Senator of the Federal Republic of Nigeria from Zamfara State West District
- In office 29 May 1999 – 29 May 2007
- Succeeded by: Ahmad Rufai Sani

Personal details
- Born: April 1950 Zamfara State, Nigeria
- Died: 12th October, 2020

= Yushau Anka =

Nigerian politician

Alhaji Yushau Mohammed Anka (April 1950 – 12 October 2020) was elected Senator for the Zamfara West constituency of Zamfara State, Nigeria at the start of the Nigerian Fourth Republic, running on the People's Democratic Party (PDP) platform. He held office from May 1999 to May 2007.

Anka was born in April 1950, and gained an M.Sc in Business Administration.
He was elected National Financial Secretary for the National Republican Convention (NRC) party during the Nigerian Third Republic.
He contested the Zamfara State gubernatorial election on the PDP platform in 1999, but lost to Ahmed Sani Yerima of the All Nigeria People's Party ANPP.

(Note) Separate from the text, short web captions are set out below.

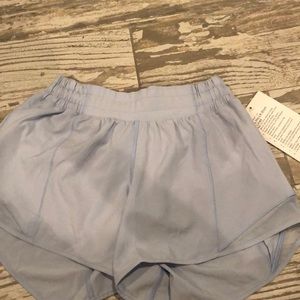 Lululemon Hotty Hot 4”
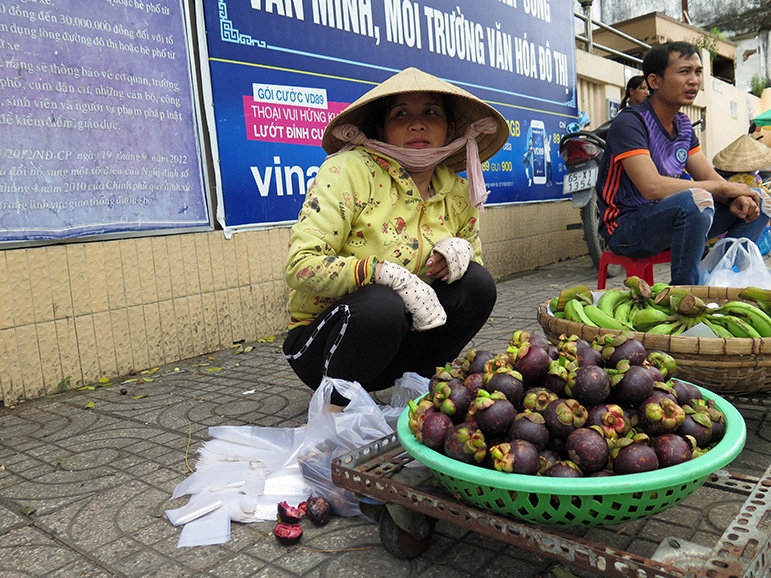 Vietnamesin auf einem Markt im Mekongdelta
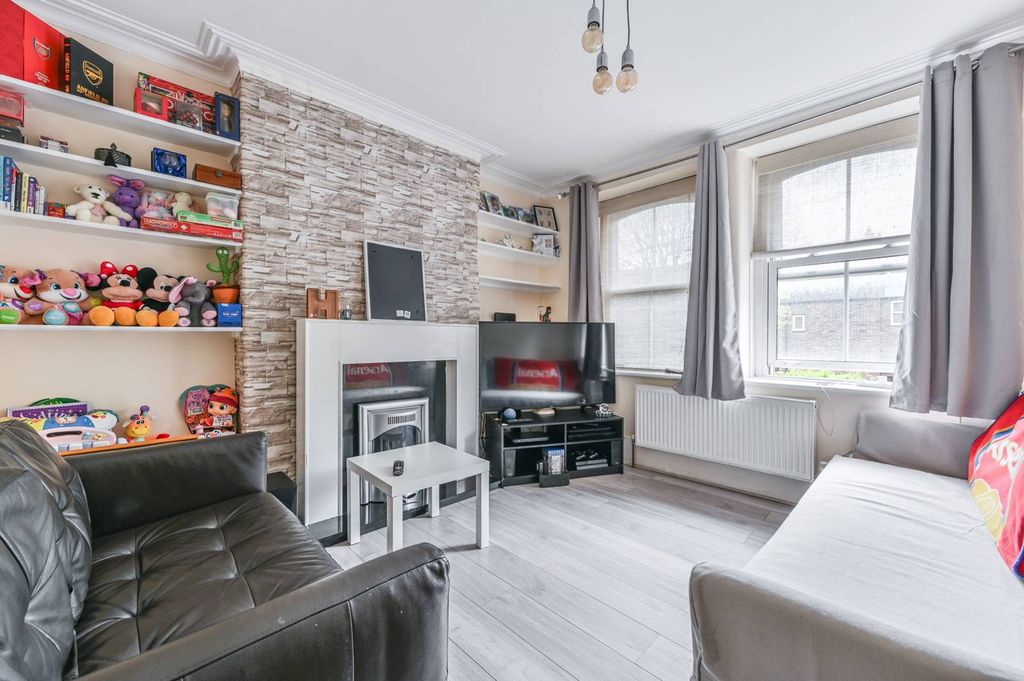 Property photo 2 of 7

After taking his seat in the Senate in June 1999, he was appointed to committees on Ethics, Foreign Affairs, Police Affairs (vice-chairman), Commerce, Internal Affairs and Government Affairs.
In August 2001, he said the Federal Government's Poverty Alleviation Programme was just distributing cash to political supporters rather than alleviating poverty.
Anka changed over to the ANPP platform for his second Senate term.
In May 2006, Anka spoke against the proposal to change the constitution so President Olusegun Obasanjo could run for a third four-year term.